Moreover, from the medieval experts over at Wikipedia, we see (oomphasis added):
Middle English was one of the five languages current in England. Though never the language of the Roman Catholic Church, which was always Latin, it lost status as a language of courtly life, literature and documentation, being largely supplanted by Anglo-Norman French. It remained, though, the spoken language of the majority, and may be regarded as the only true vernacular language of most English people after about the mid-12th century, with Anglo-Norman becoming, like Latin, a learned tongue of the court. Welsh and Cornish were also used as spoken vernaculars in the far west.
English did not cease to be used in the court: it retained a cartulary function (being the language used in royal charters); nor did it disappear as a language of literary production. Even during what has been called the 'lost' period of English literary history, the late 11th to mid-12th century, Old English texts, especially homilies, saints' lives and grammatical texts, continued to be copied, used and adapted by scribes. From the later 12th and 13th century there survive huge amounts of written material of various forms, from lyrics to saints' lives, devotional manuals to histories, encyclopaedias to poems of moral (and often immoral) discussion and debate, though much of this material remains unstudied, in part because it evades or defies modern, arguably quite restricted, categorisations of literature.
Middle English is more familiar to us as the language of Ricardian Poetry and its followers, the 14th- and 15th-century literature cultures clustered around the West Midlands and around London and East Anglia. This includes the works of William Langland, the Gawain Poet, Geoffrey Chaucer, Lydgate, Gower, Malory, Caxton, and Hoccleve. Perhaps best known, of course, is Chaucer himself in his Canterbury Tales and other shorter poems, where the poet consistently revalues and reinvents older traditions while managing to avoid completely abandoning them.

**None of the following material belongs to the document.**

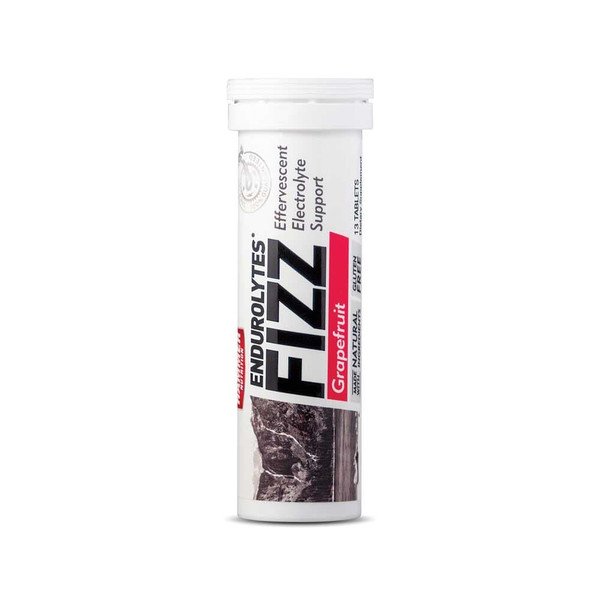 Hammer Nutrition | Endurolytes FIZZ | Elektrolytendrank | Bruistablet | Trail.nl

Later on, the article explains how Norman French influenced English grammar, for instance playing a part in helping English shed its inflected forms. Even so, it says, this change "cannot be attributed simply to the influence of French-speaking layers of the population. English remained, after all, the language of the majority."
Just another reminder that you should beware of what you read in the popular press. (And this is something that it doesn't take that much knowledge to realize is wrong: The regular folks in the whole country started speaking the language of aristocrats? And went back to the previous language 500 years later?) To his credit, the author very graciously admitted his inexpertise.